La Voiture du Pilote qui Exige des Pilotes

La Noble M600 occupe une position unique dans le paysage contemporain des hypercars : c’est la voiture que le segment le plus expérimenté, le plus compétent et le plus exigeant des enthousiastes de conduite choisit systématiquement lorsqu’il veut comprendre de quoi il est réellement capable derrière un volant.

Les hypercars modernes protègent leurs conducteurs. La M600 ne le fait pas. Elle n’offre d’assistance que dans la mesure du contrôle de traction basique en mode Route, et elle retire même cela à la demande du conducteur. Chaque résultat sur circuit est la responsabilité directe du conducteur — les bons tours et les mauvais, les sorties rapides et les lentes, les glissades contrôlées et les incontrôlées. C’est, pour la bonne personne, non pas une limitation, mais tout l’attrait.

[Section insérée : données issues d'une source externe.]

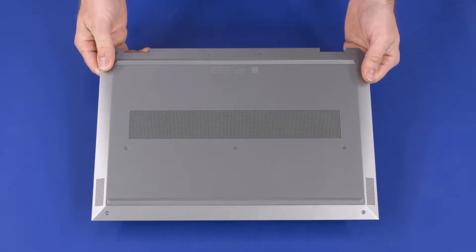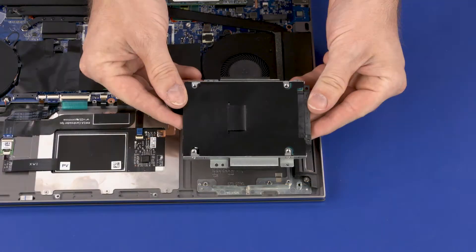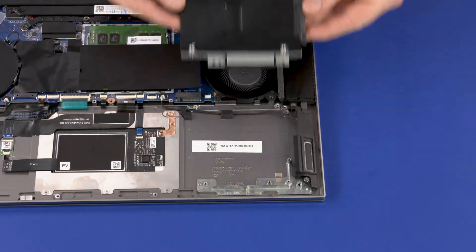Before you begin, remove the base enclosure, battery, and 2.5-inch storage drive assembly.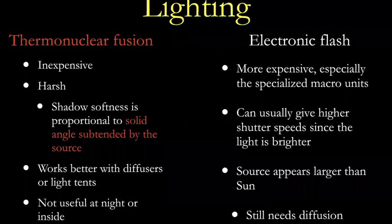Lighting — you can either use thermonuclear fusion, also referred to as the sun. It's cheap; it's harsh. It's often said that the smaller the source, the sharper the shadow. The sun is a long ways away and it's a very small object, so you tend to have very harsh shadows. This is why if you're outside, you almost have to have a diffuser to make the light flatter. With an electronic flash, especially an on-camera flash, the flash tends to be at less than an optimum angle. Sometimes if you're really up close, you can get a shadow from the front of your lens onto your subject.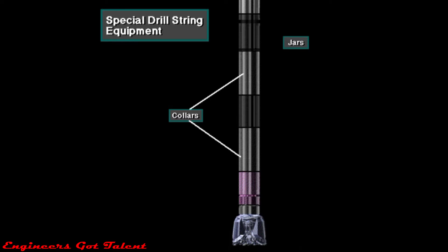Special equipment in the drill string includes drilling jars, measurement while drilling or MWD tools, and mud motors.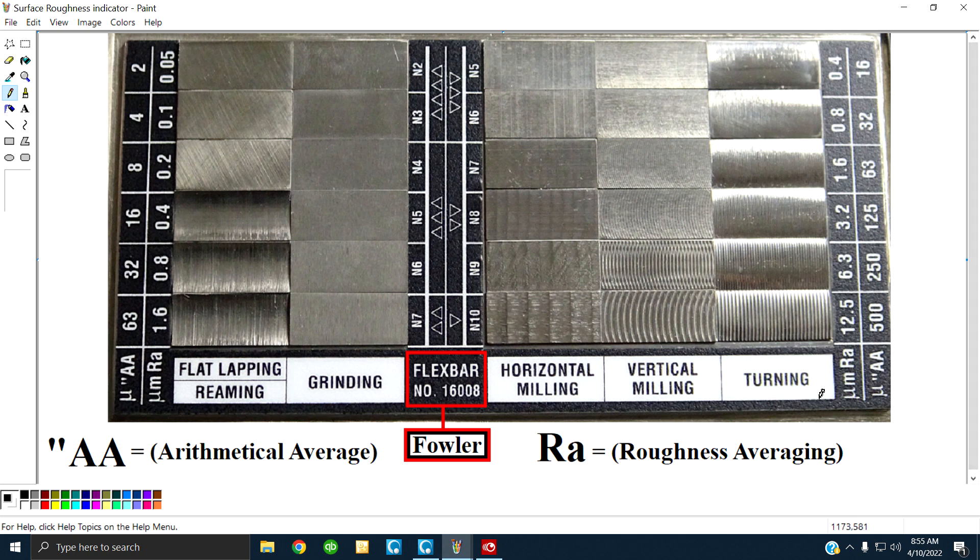When we look at this, look from left to right. There are vertical columns starting on the left — flat lapping and reaming. At the bottom it's rough, at the top it's fine. The same way with grinding and all the way across.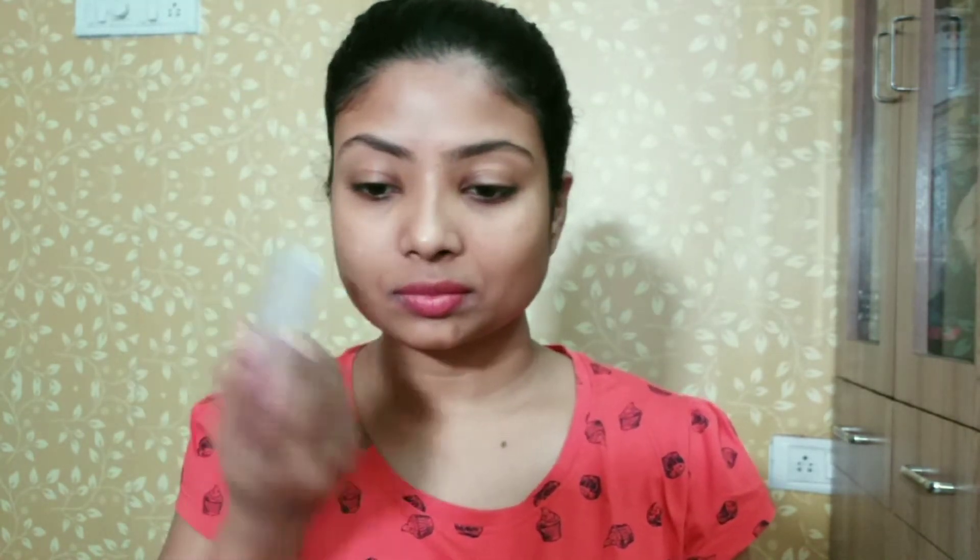First of all, I will moisturize my lips — I am using the Neutrogena Lip Balm. Now I will use a skin primer. This is by Lotus and it is a very big silicon-based primer, so it will definitely minimize your pores.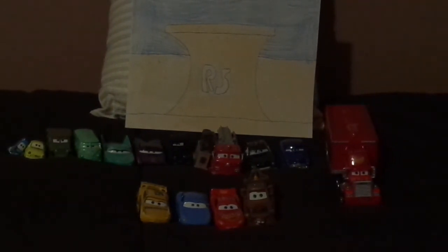What do you guys think? Which resident of Radiator Springs is your favorite? Leave your thoughts in the comments, as well as leaving any suggestions for which car from the collection video in the description I should review next.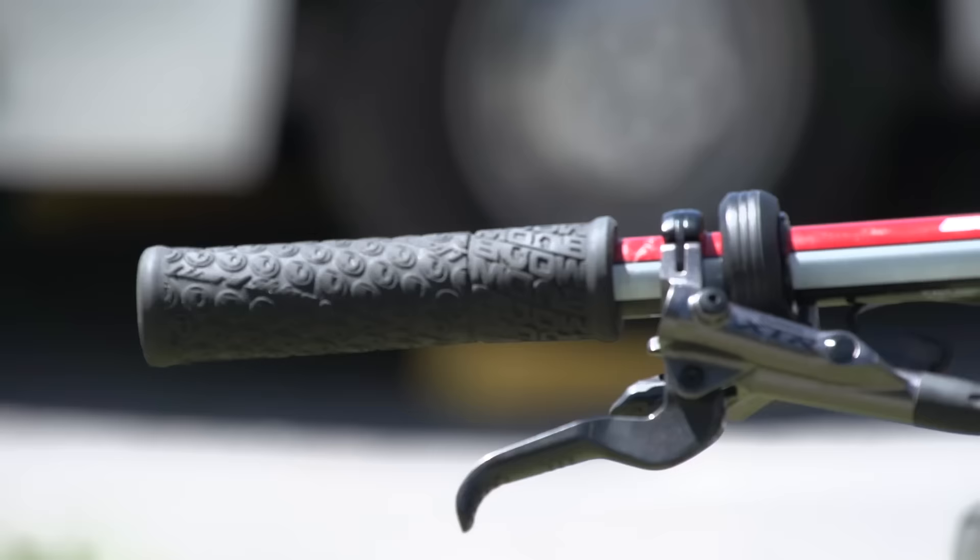I noticed going over the bike that the bars are quite narrow and the stem is long — can you talk us through that? I'm running 665mm width bars, which is pretty narrow, but the main reason is that in the start with 140 riders, I've always found it's easier to fit through gaps if you're not really wide. I've just adjusted to it and I'm quite comfortable with it now. That said, a wider bar does help on some descents, but that's the thought behind it.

La M600 est un dinosaure. Elle appartient à une époque qui n’existe plus dans le monde des supercars grand public. Et pour les conducteurs qui cherchent précisément ce qu’elle offre — la responsabilité totale, le vrai danger à la limite, une connexion mécanique entre conducteur et machine non médiatisée par un logiciel — c’est précisément la bonne voiture.